Give her what for? I was a twenty-year-old virgin. I had never given anyone, “what for.” I smiled and closed my door to hide. Winnie was a quiet girl who was friends with Maury’s girlfriend. I had never had a conversation with her, but I had heard that she ran away from home a lot.
“Hey Mick?” Maury rapped on my door. “I’m ordering pizza.”
“Okay, sounds good. How much?” I said from the other side of the door while I got dressed.
“No prob.” That was the thing about Maury. He could be such an asshole, but then he could also be kind and generous. I think he felt guilty for embarrassing me.
Later that night when the party was peaking, Maury came up and handed me a hunting knife. “I took this away from Don. He was threatening to kill himself,” he whispered in my ear. “Find a safe place for it, Mick. Don’t tell Don I gave it to you.”
I looked for Don and found him sitting on the couch looking catatonic. Then I went upstairs and put the knife under my mattress and forgot about it, and so did Maury. The knife remained there until I moved out, and I was the first one to move out about a year after we moved in.

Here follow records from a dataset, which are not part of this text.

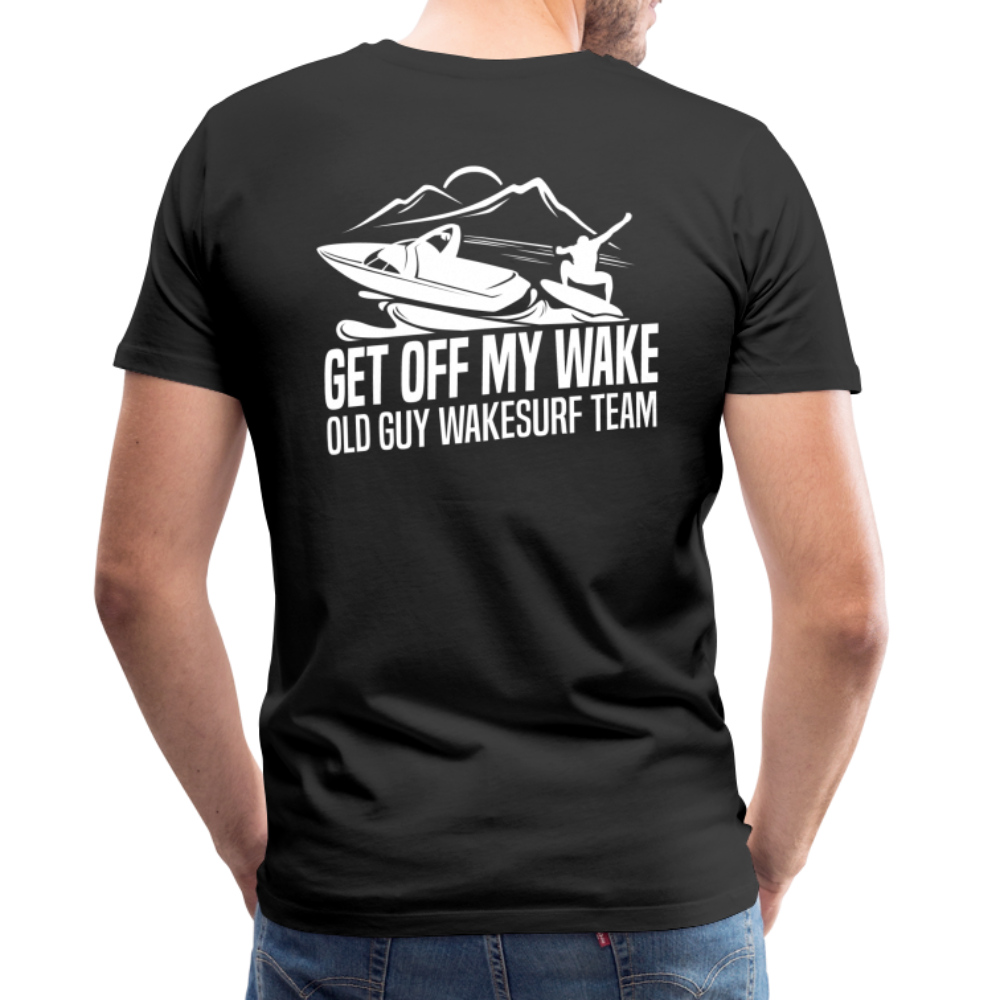 Get Off My Wake Men's Premium T-Shirt - Image on Back, WSS logo on front - black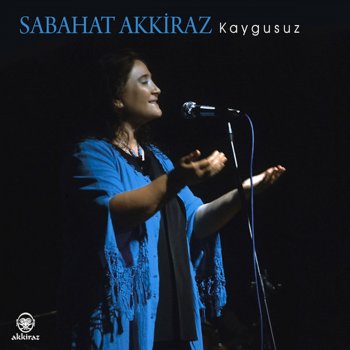 Sabahat Akkiraz Tevhid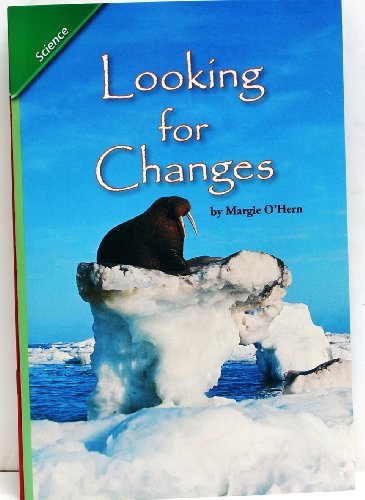 Reading 2011 Leveled Reader Grade 4.3.1 Below Leve Looking For Changes 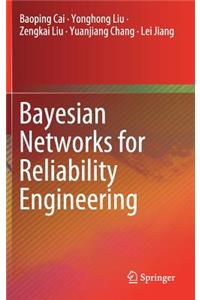 Bayesian Networks for Reliability Engineering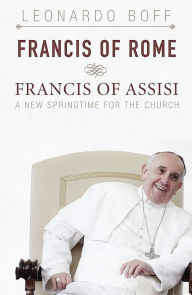 Title: Francis of Rome and Francis of Assisi : A New Springtime for the Church, Author: Leonardo Boff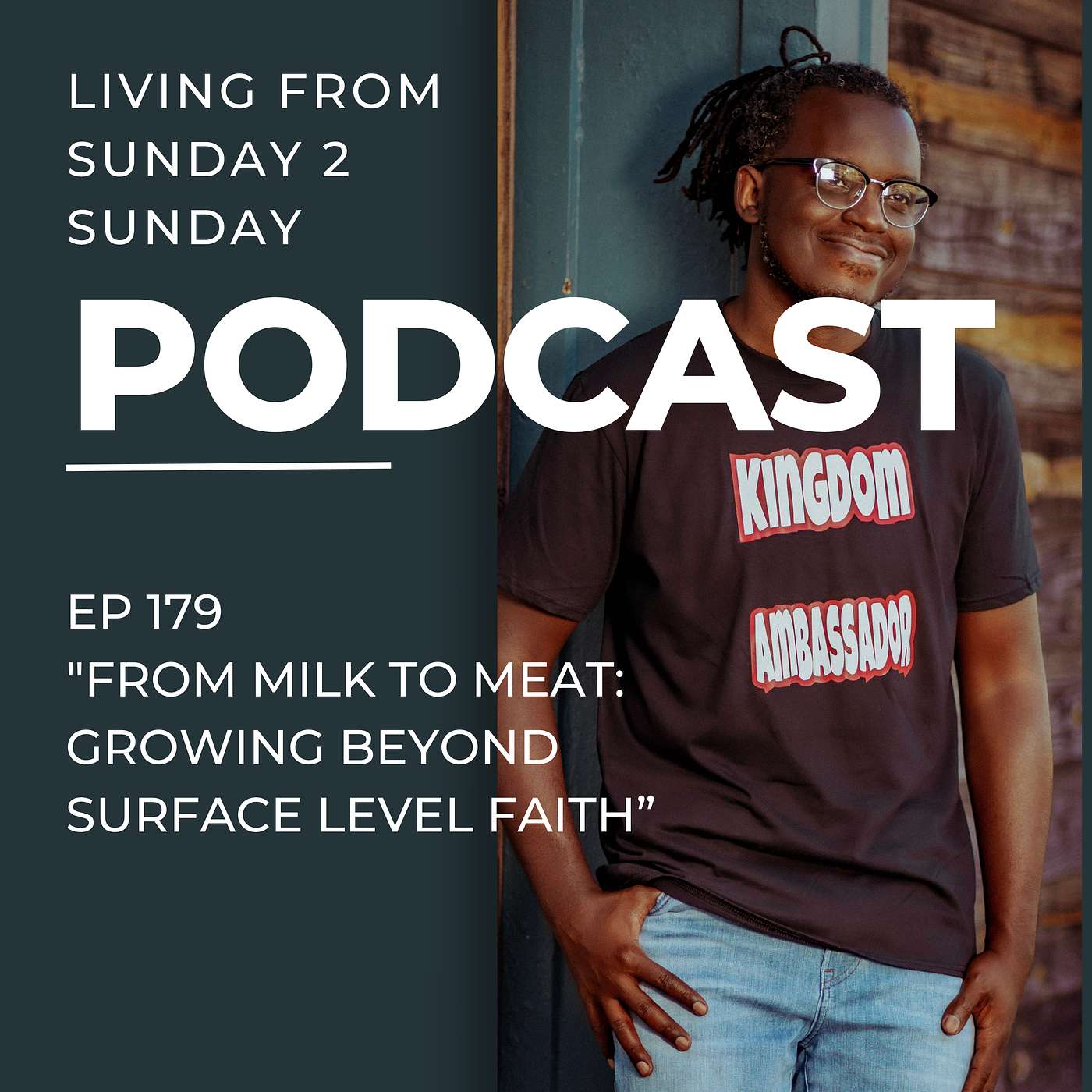 EP 179: From Milk to Meat: Growing Beyond Surface-Level Faith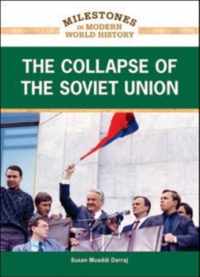 THE COLLAPSE OF THE SOVIET UNION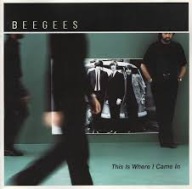 BEE GEES This is where I came In CD 2000 Album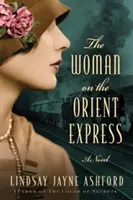 La femme de l'Orient Express - The Woman on the Orient Express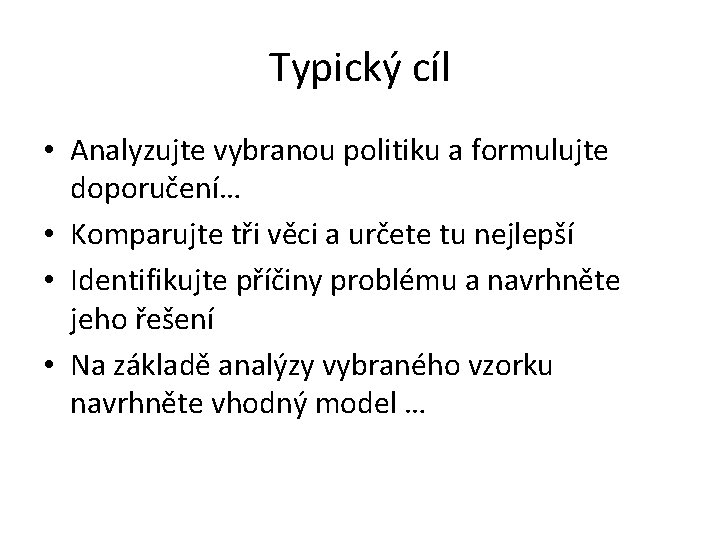 Typický cíl • Analyzujte vybranou politiku a formulujte doporučení… • Komparujte tři věci a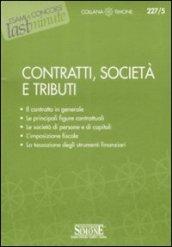 Contratti, Società e Tributi: Il contratto in generale - Le principali figure contrattuali - Le società di persone e di capitali - L'imposizione fiscale ... degli strumenti finanzari (Il timone)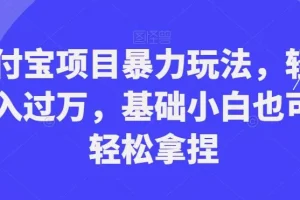 【第5813期】支付宝项目怎么做：支付宝项目暴力玩法，月入过万，小白可以轻松操作【揭秘】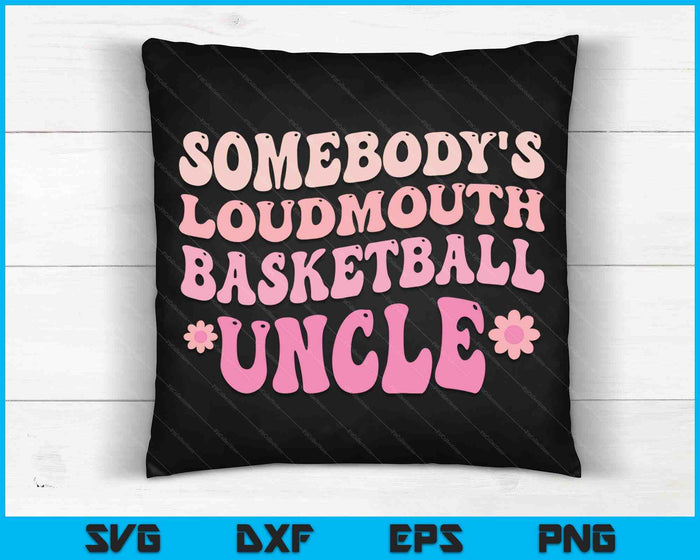 Somebody's Loudmouth Basketball Uncle SVG PNG Digital Cutting Files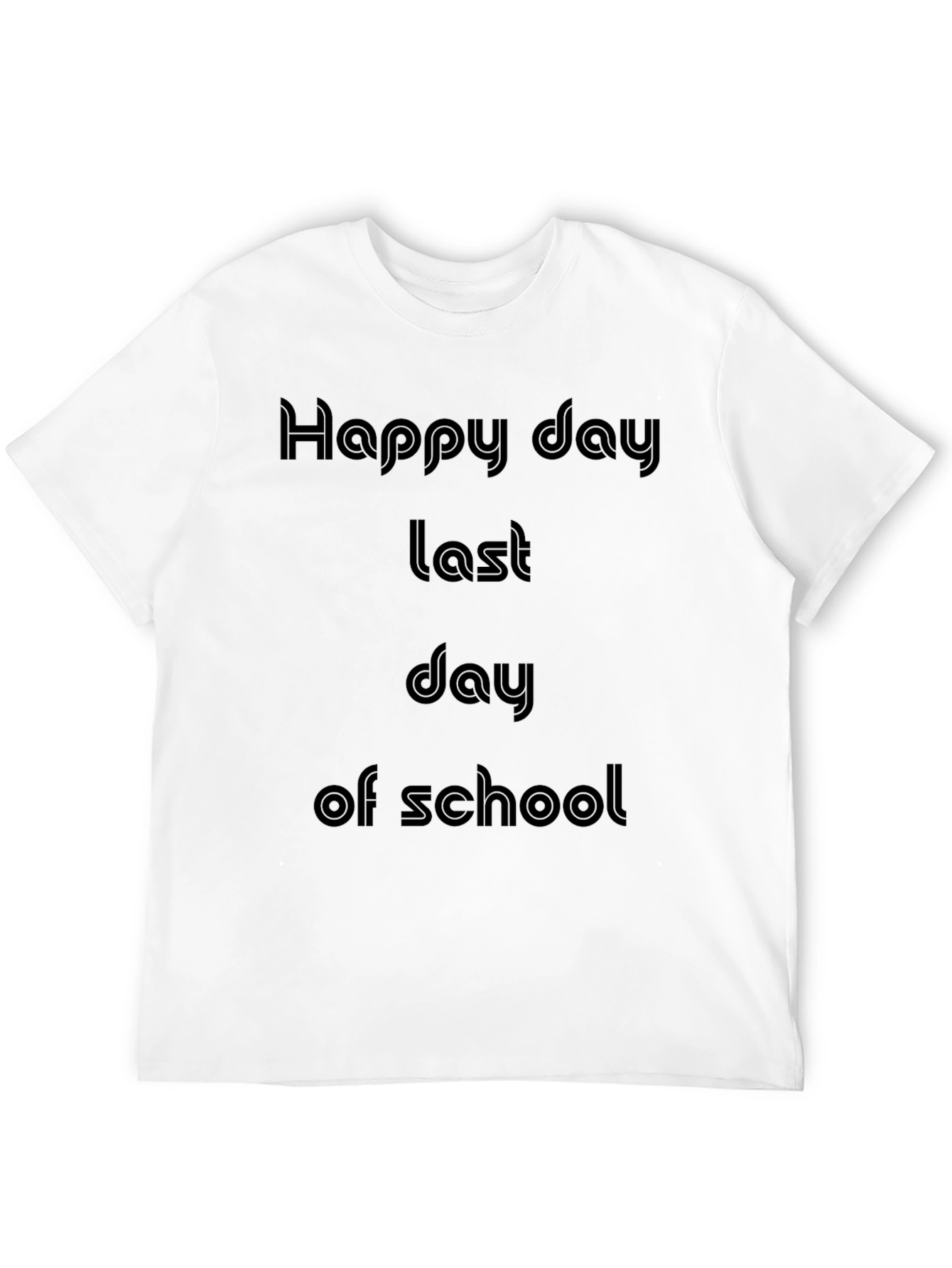 Black Happy Last Day of School T-Shirt view 12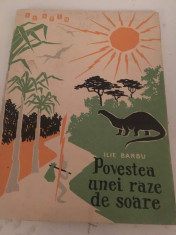 Povestea unei raze de soare/Ilie Barbu/carte copii foto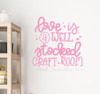 Love Is Well Stocked Craft Room Wall Decor Decal Vinyl Lettering Sticker-Soft Pink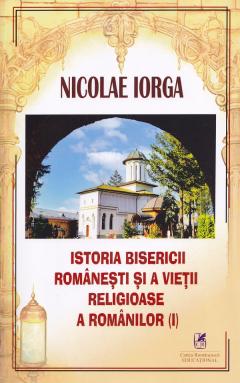 Istoria Bisericii Romanesti si a vietii religioase a romanilor, Volumul I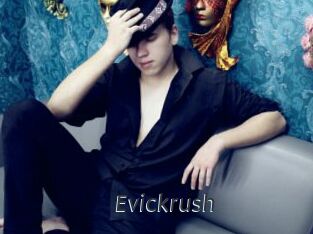 Evickrush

The partying got old, and I worried about the drugs funneling through the house. There were too many people showing up at the door whom I didn’t know. I didn’t have to be at school until 1:00 pm on Tuesdays and Thursdays, and since the house was empty at this time, I stayed home until about noon. It was amazing how many people banged on the door looking for a bag of pot before noon. The door fit loosely, and it rattled loudly when someone knocked. It was almost always someone I didn’t know.
“Hey,” I answered the door.
“Can I get an ounce?” a blue-collar looking guy with factory grime on his clothes asked.
“No, sorry man, nothing here.”
“Maury said I could get a bag if someone was home.”
“Yeah, but I don’t know you.”
“I’m Bill. I know Maury.”
Everyone knows Maury.
“You’ll have to wait until he gets home.”
“What time will that be?”
“Later this afternoon.”
“Come on, man. Sell me a bag.”
“Can’t.” I knew this guy had just gotten off the night shift at a shithole factory, he wanted nothing more than to ease the pain by getting high, but I had my code: I will not sell a bag to someone I don’t know.
A few months after I moved out, everyone also moved out. Maury moved into an apartment with his girlfriend, and Devin moved in with his girlfriend too, Steve’s girlfriend broke up with him, and she eventually became my girlfriend, but that didn’t matter right now. I didn’t know where Don went or what happened to him.
I went on to write about things in my backyard like the Baggy.